Agar Informasi dan Dokumen Elektronik dapat dijadikan alat bukti hukum yang sah, maka Undang – Undang Nomor 11 Tahun 2008 Tentang Informasi dan Transaksi Elektronik secara eksplisit menentukan adanya syarat formil dan syarat materil yang harus terpenuhi. Syarat formil diatur dalam Pasal 5 ayat (4) Undang – Undang Nomor 11 Tahun 2008 Tentang Informasi dan Transaksi Elektronik, yaitu bahwa Informasi atau Dokumen Elektronik bukanlah dokumen atau surat yang menurut perundang-undangan harus dalam bentuk tertulis. Sedangkan syarat materil diatur dalam Pasal 6, Pasal 15, dan Pasal 16 Undang – Undang Nomor 11 Tahun 2008 Tentang Informasi dan Transaksi Elektronik, yang pada intinya Informasi dan Dokumen Elektronik harus dapat dijamin keotentikannya, keutuhannya, dan ketersediaanya. Untuk menjamin terpenuhinya persyaratan materil yang dimaksud, dalam banyak hal dibutuhkan digital forensik.
Dengan demikian, email, file rekaman atas chatting, dan berbagai dokumen elektronik lainnya dapat digunakan sebagai alat bukti yang sah. Dalam beberapa putusan pengadilan, terdapat putusan-putusan yang membahas mengenai kedudukan dan pengakuan atas alat bukti elektronik yang disajikan dalam persidangan.
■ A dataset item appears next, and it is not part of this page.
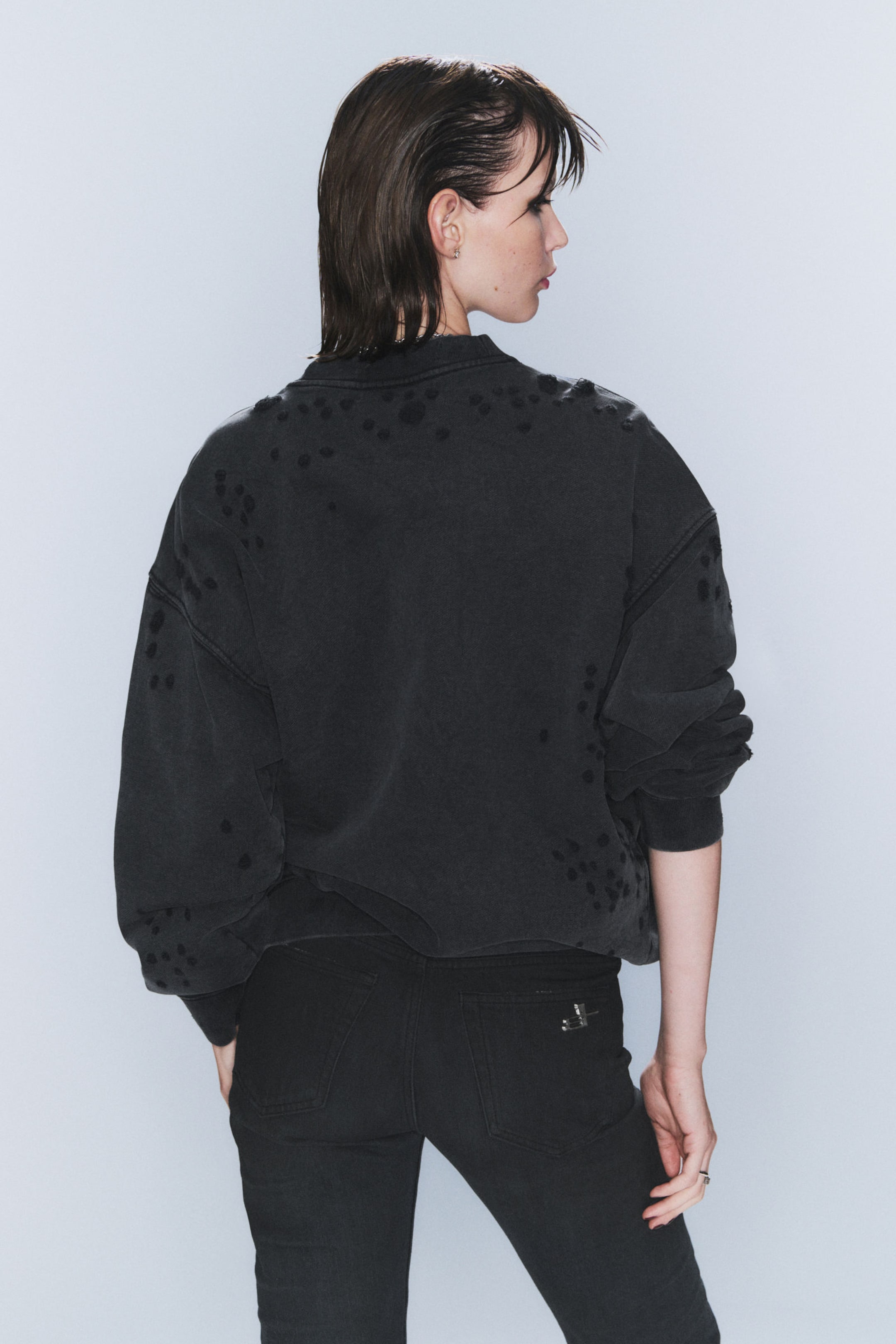 Verwaschenes Schwarz - CM x LB Weites Unisex-Sweatshirt im Used-Look - 4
Merujuk pada ketentuan HUKUM FORMIL, maka dapat diadakan komparasi sebagai berikut:
KUHPidana | KUHPerdata |
Pasal 184 Undang-undang No. 8 Tahun 1981 Tentang Hukum Acara Pidana (KUHAP), yang menyebutkan alat – alat bukti, yaitu:
– Keterangan saksi; – Keterangan ahli; – Surat; – Petunjuk; – Keterangan terdakwa |
Pasal 164 HIR, Pasal 1866 KUHPerdata, yang menentukan alat-alat bukti, yaitu:
– Bukti tertulis (Surat); – Bukti saksi; – Persangkaan; – Pengakuan; – Sumpah |
Ketentuan hukum formil di atas adalah alat bukti yang selama ini dikenal di dalam hukum positif. Dengan ditetapkannya keberlakuan Undang – Undang Nomor 11 Tahun 2008 Tentang Informasi dan Transaksi Elektronik, maka ALAT BUKTI ELEKTRONIK menjadi wacana perdebatan yuridis yang mempersoalkan mengenai apakah keberadaan/pengaturan ALAT BUKTI ELEKTRONIK adalah perluasan dari alat bukti atau kedudukannya memang benar-benar baru. Silang pendapat tentang bukti elektronik berpotensi untuk terjadi karena di dalam kedudukan bukti baru (selain yang diatur di dalam KUHAP dan HIR/KUHPerdata) diatur di dalam undang-undang sektoral lainnya, dan kedudukannya sama-sama di posisi undang-undang. Salah satu perdebatan tentang bukti elektronik yang terjadi terlihat di dalam putusan MK No. 20/PUU-XIV/2016, yang mana putusan MK tersebut dimasukan ke dalam amandemen UU-ITE tahun 2016.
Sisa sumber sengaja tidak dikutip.